:: INFORMATION SUPPLIED ::

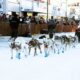 Iditarod Trail Sled Dog Race Finish Line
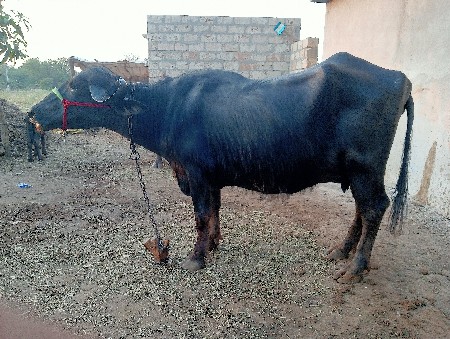 थंबनेल 2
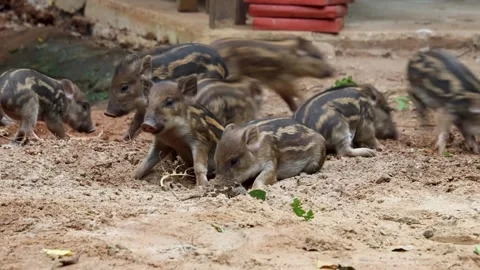 Wild Boar Piglets Playing in Sand, Juvenile Wild Boars Behavior, Urban Wildlife Video stock 322727635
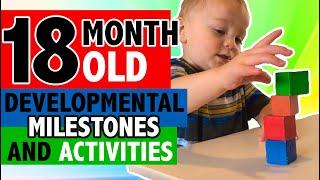 HOW TO PLAY WITH YOUR 18 MONTH OLD | DEVELOPMENTAL MILESTONES | WHAT YOU NEED TO KNOW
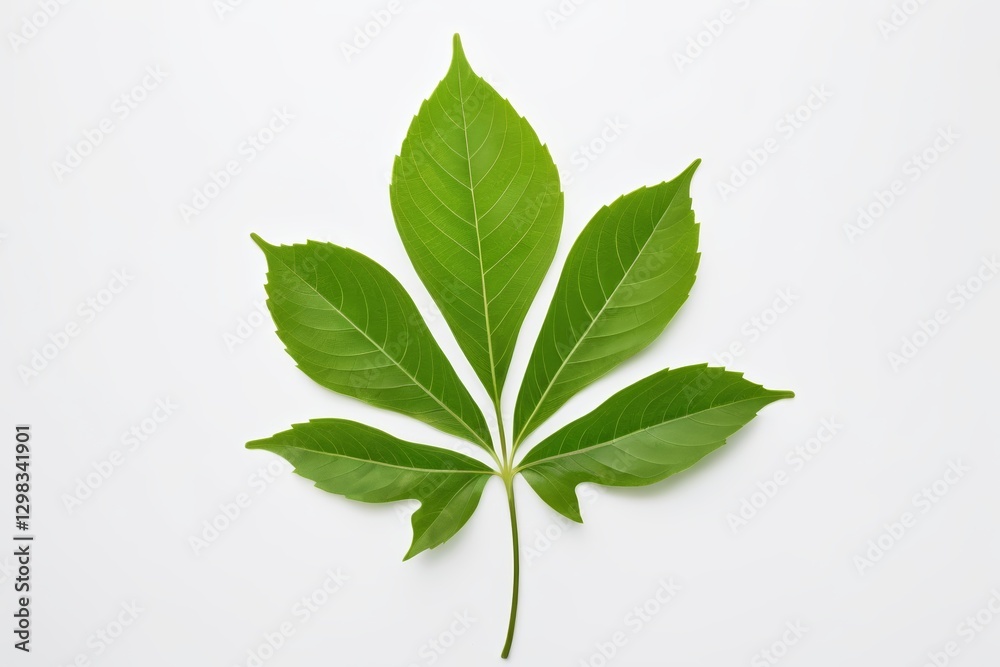 Fototapeta premium there is a leaf that is laying on a white surface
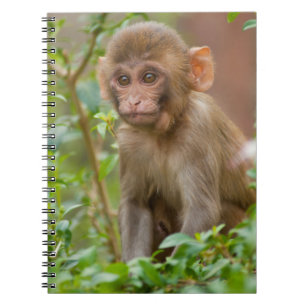 Rhesus-aapbaby, apentempel, Jaipur Notitieboek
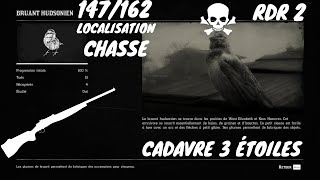 Tout Les Animaux: 147/162  Le Bruant Hudsonien (Localisation) Red Dead Redemption 2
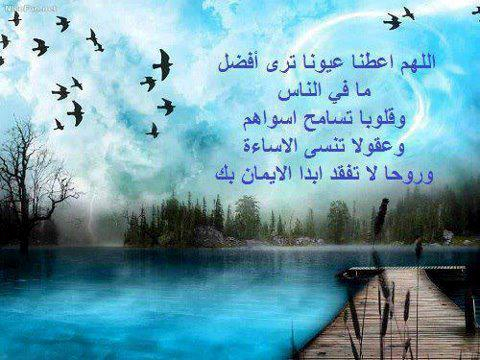 الصور الاسلامية .. - صفحة 47 Tumblr_mx3z9mElQk1suq0buo1_500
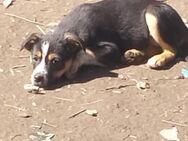 Ruby 2 - Die sanfte Kuschelprinzessin - Rambin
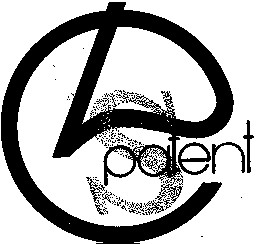 d s patent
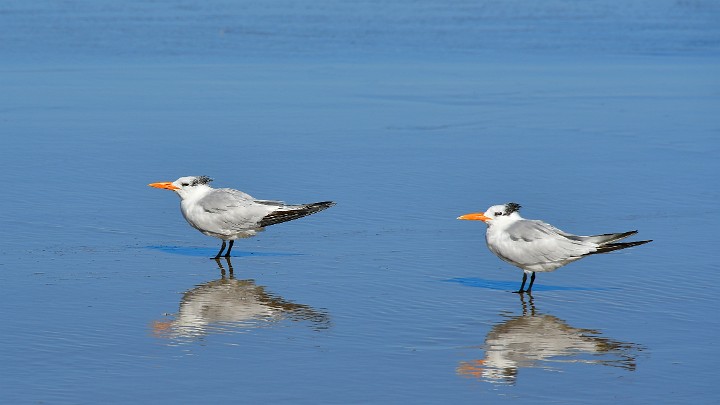 Two Royal Terns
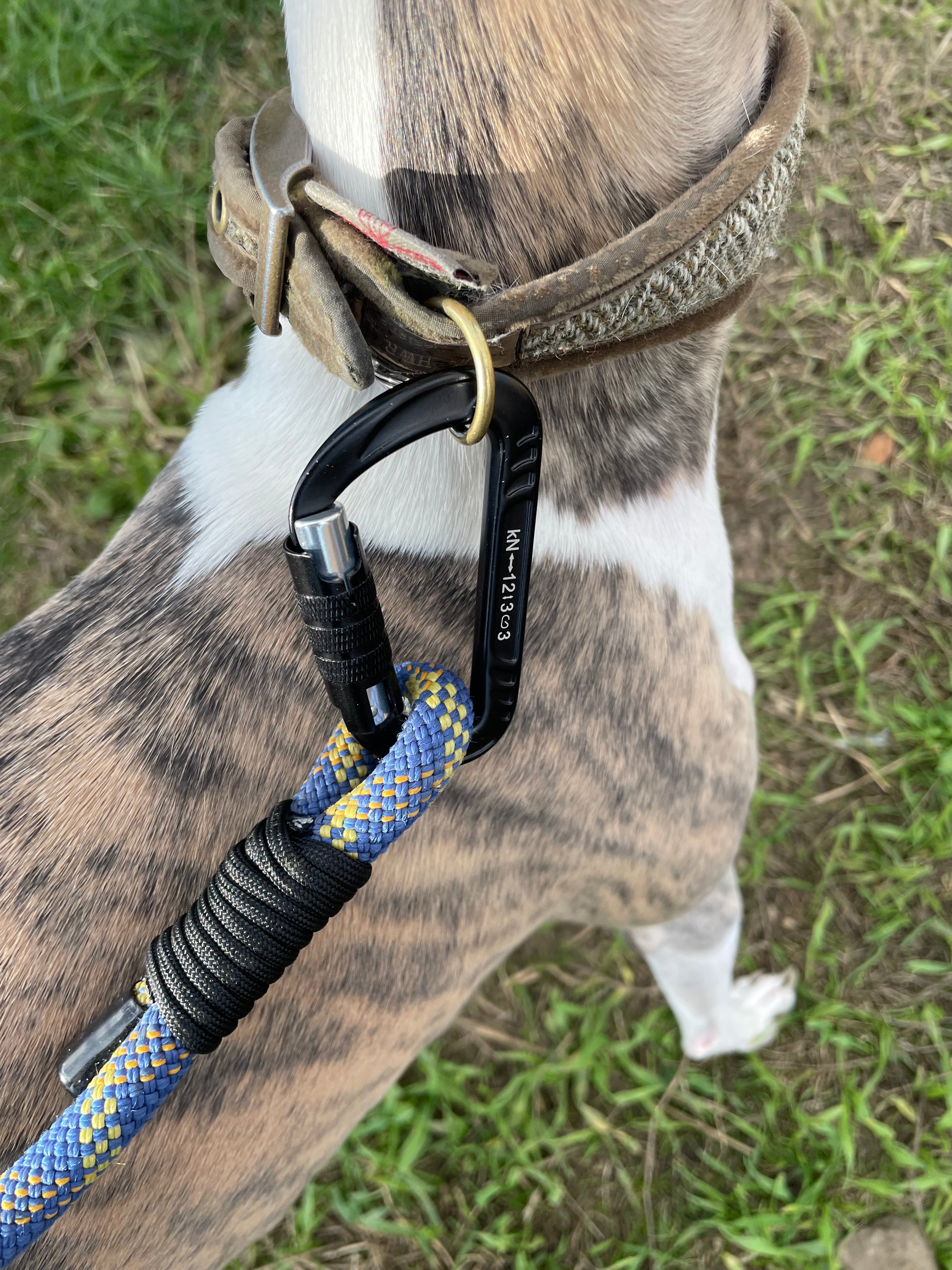 Roaming Rope Leash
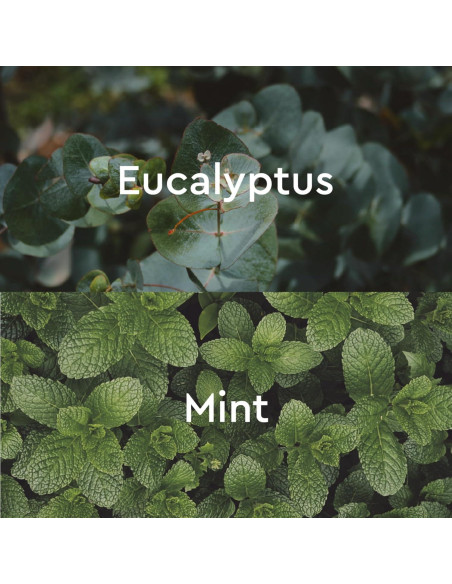 Baño de Burbujas Eucalipto Kneipp 400 ml - Vegano y Sin Sulfatos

:::

Using the records above, output their complete text exactly, minus any images.

 Iditarod Trail Sled Dog Race Finish Line
 थंबनेल 2
 Wild Boar Piglets Playing in Sand, Juvenile Wild Boars Behavior, Urban Wildlife Video stock 322727635
 HOW TO PLAY WITH YOUR 18 MONTH OLD | DEVELOPMENTAL MILESTONES | WHAT YOU NEED TO KNOW
 Fototapeta premium there is a leaf that is laying on a white surface
 Rhesus-aapbaby, apentempel, Jaipur Notitieboek
 Tout Les Animaux: 147/162  Le Bruant Hudsonien (Localisation) Red Dead Redemption 2
 الصور الاسلامية .. - صفحة 47 Tumblr_mx3z9mElQk1suq0buo1_500
 Ruby 2 - Die sanfte Kuschelprinzessin - Rambin
 d s patent
 Two Royal Terns
 Roaming Rope Leash
 Baño de Burbujas Eucalipto Kneipp 400 ml - Vegano y Sin Sulfatos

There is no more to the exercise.